2nd Lieutenant Basil George Hope MACLEAR MC
Number 2 Company, 4th Battalion Grenadier Guards

Date of birth: 11th October 1885
Date of death: 26th July 1916

Killed in action aged 30
Buried at Essex Farm Cemetery Plot II Row Z Grave 19
He was born in Canterbury on the 11th of October 1885, the second son of the Reverend Canon George Frederick Maclear DD, Warden of St Augustine's College, Canterbury, and Eva Jemima (nee Purcell). He was christened at St Paul's in Canterbury on the 24th of December 1895.

He attended the King's School Canterbury from January 1899 to October 1902.

He went on to Reading University and, on leaving, he moved to South Africa in 1904 where he purchased a fruit farm at Plaisa De Merle, Simondium in Cape Province.

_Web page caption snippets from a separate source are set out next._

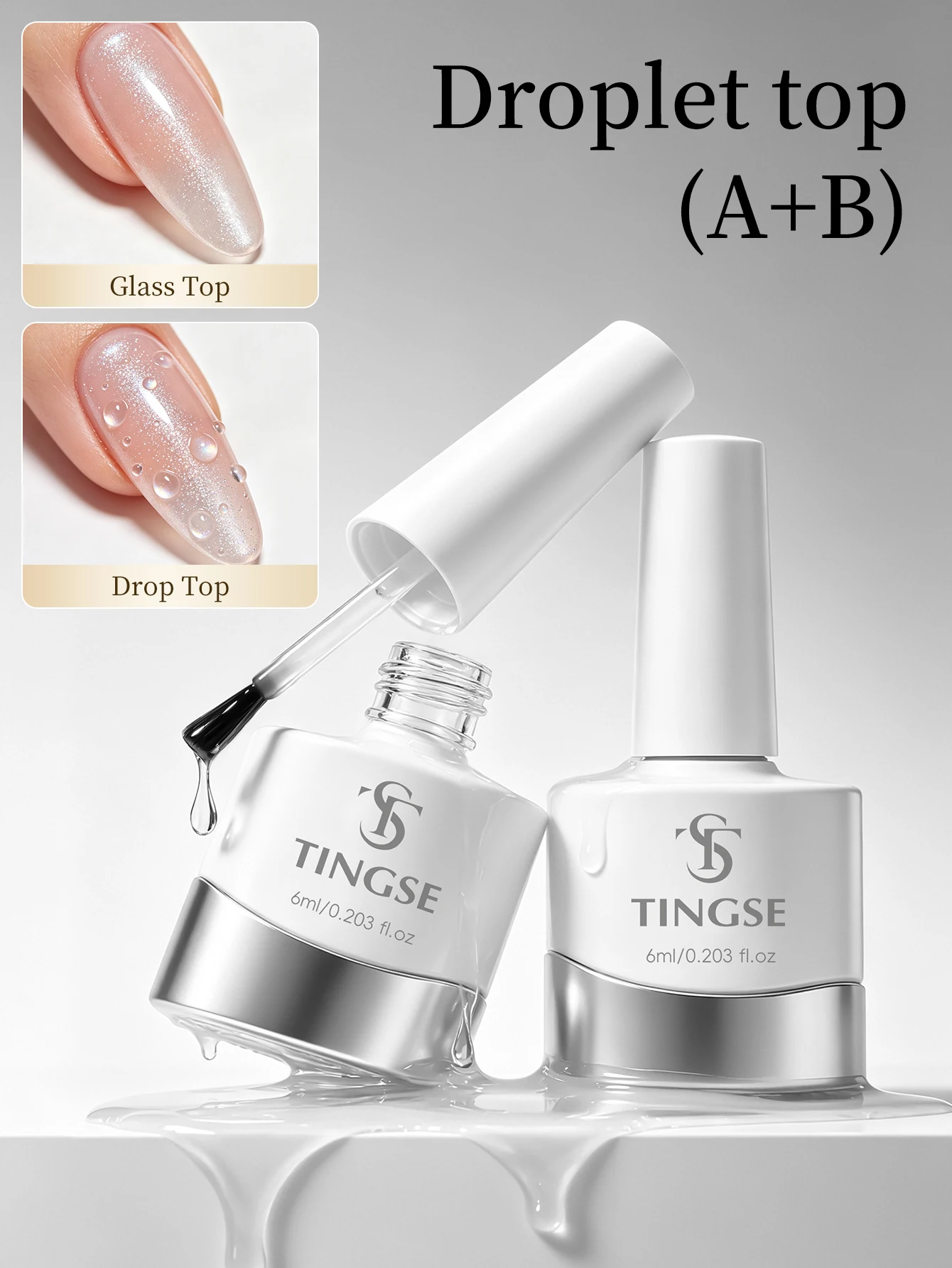 2/3/5Pcs 6Ml Droplet Top Coat  - Gel Top Coat 评论和价格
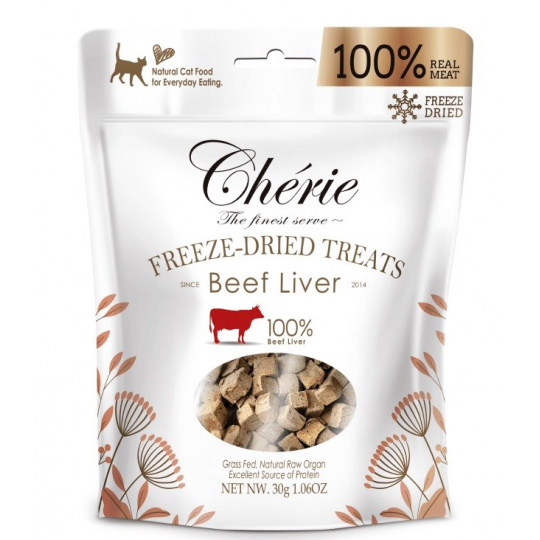 CHERIE Freeze-dried beef liver pieces - pamlsek pro kočky - 30g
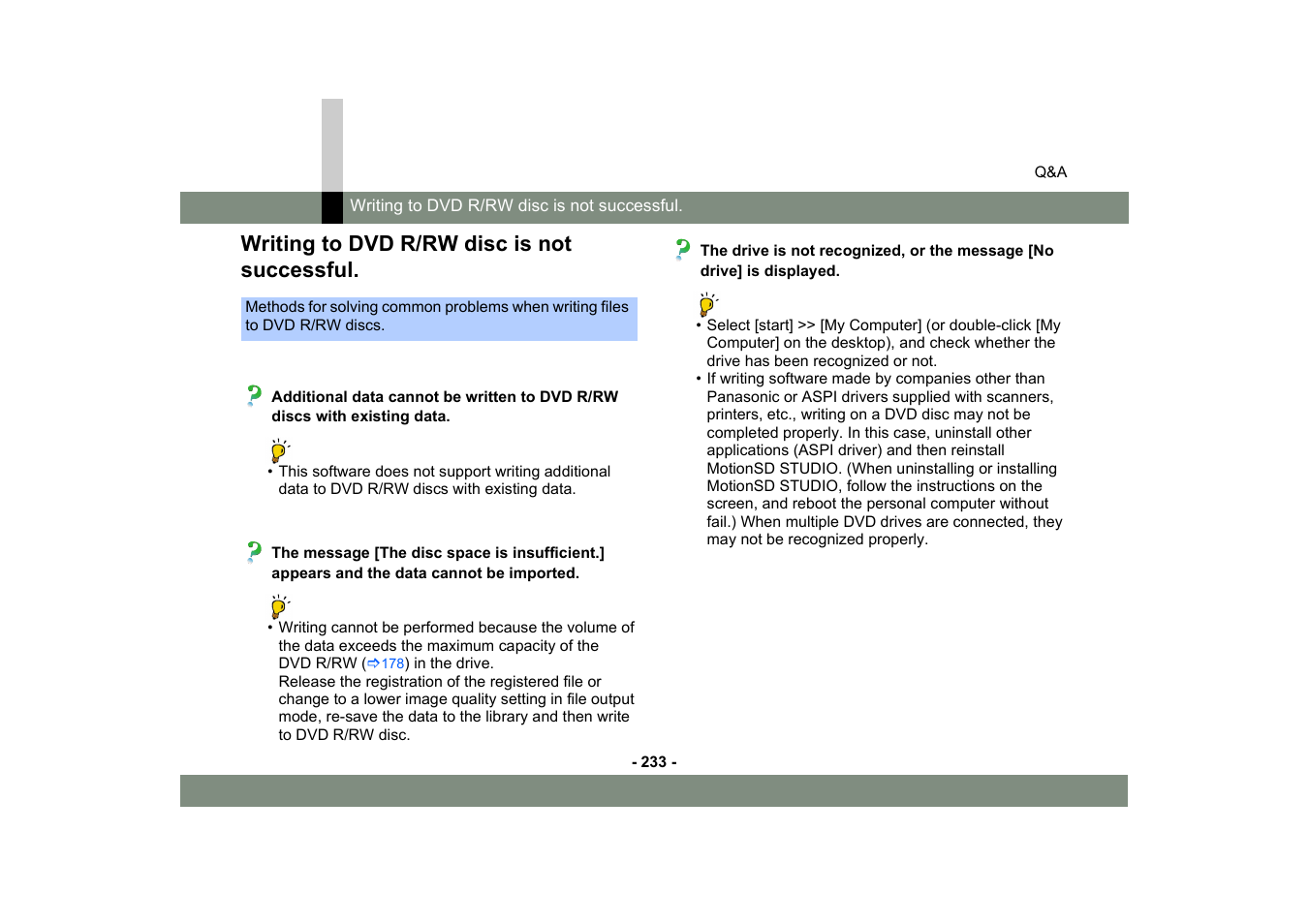 Writing to dvd r/rw disc is not successful | Panasonic -eng User Manual | Page 233 / 249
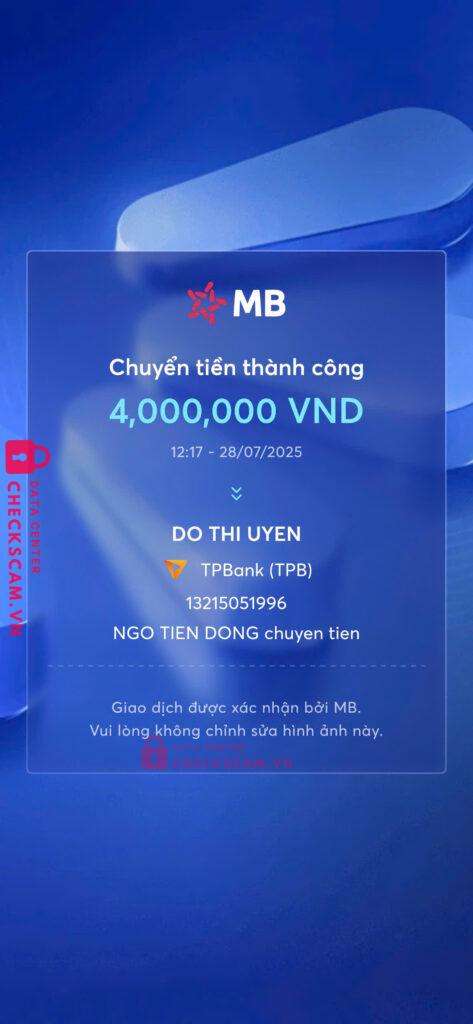 13215051996 DO THU UYEN TPBank bị cảnh báo lừa đảo scam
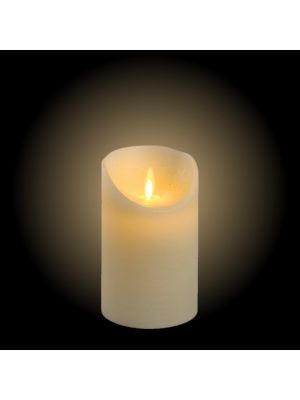 Candela Ø 7,5 x h 12,5 cm in cera ruvida Avorio, moving flame, led bianco classic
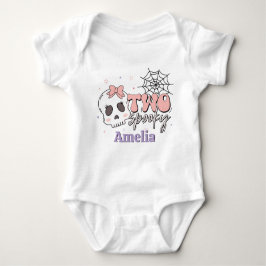 2人のスポーキーキュートピンクハロウィン名前誕生日 ベビーボディスーツ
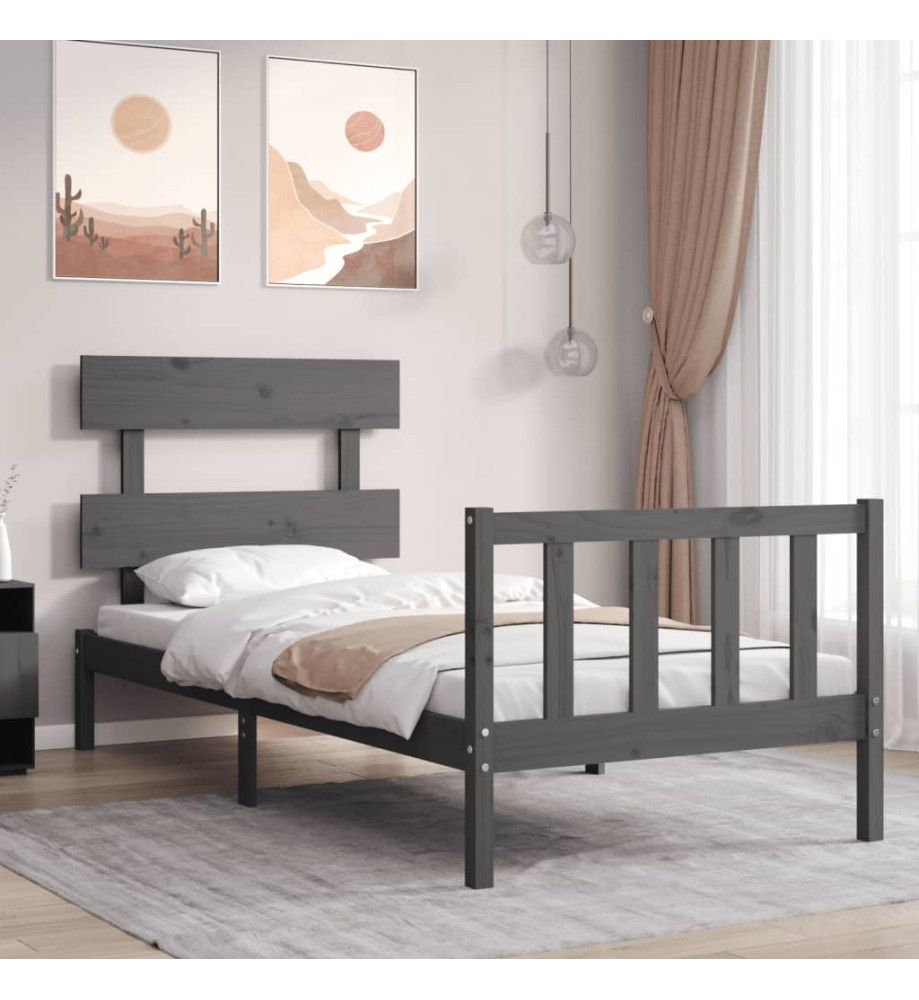 Cadre de lit avec tête de lit gris simple bois massif Cadre de lit avec tête de lit gris simple bois massif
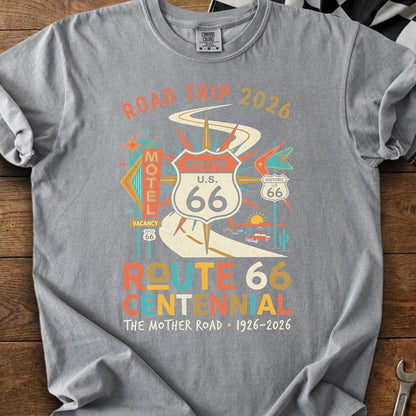 Route 66 Centennial Road Trip 2026 graphic on gray t-shirt.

In September 1915 he returned to England to enlist and boarded the SS "Kildonan Castle" at Durban, landing at London on the 17th of September 1915. He enlisted as a Private in the Grenadier Guards and on the 24th of September 1915 he applied for a commission in the Special Reserve of Officers. On the 5th of October 1915 he was commissioned as a probationary 2nd Lieutenant in the Grenadier Guards, being confirmed in that rank on the 26th of January 1916.

He embarked for France on the 16th of December 1915 where he joined the 4th Battalion of his regiment.

On the 24th of March 1916 he rendered a report of a patrol he had undertaken and as a result of the information it contained he led a further reconnaissance patrol the following day which, if successful, would result in a bombing attack on the enemy trenches at a later date. In the event the patrol was seen by the enemy and a fierce fire fight broke out which meant that with all surprise lost future plans for a raid were abandoned.

On the 19th of April 1916 the Germans occupied the village of Wieltje in front of the 2nd battalion Scots Guards who were holding the line in front of the village but only thinly. The Germans then attacked and captured six hundred yards of British trenches and then began bombing their way up towards the Scots Guards. Basil Maclear was put in charge of a strong patrol to assist the Scots and in spite of the German grenades which "rained" down on the group they were successful in clearing the enemy from the positions. For his part in this action Basil Maclear was awarded the Military Cross

The citation appeared in the London Gazette of 31st of May 1916: -

"For conspicuous gallantry and ability. When ordered to establish communication with another battalion, he did so over 250 yards of ground in the face of very heavy shell fire, establishing bombing posts as he proceeded."

On the 26th of July 1916 a party of enemy troops raided front line trenches held by No.2 Company near Ypres. Some half a dozen of the enemy jumped over the parapet and bombed a working party who were taken completely by surprise. Basil Maclear, hearing the noise, rushed to the spot and was killed instantly by a bomb thrown at close range. Further reinforcements rushed to the spot and ejected the raiders, who disappeared into the darkness.

The regimental history records that:-

"Second Lieutenant Maclear was an officer who could ill be spared, as he had proved himself to be absolutely fearless and self reliant, and his loss was felt by everyone in the Battalion."

His brother, Lieutenant Geoffrey D'Olier Maclear MC (OKS) 2nd Battalion 39th Garhwal Rifles, died on the 29th of January 1919.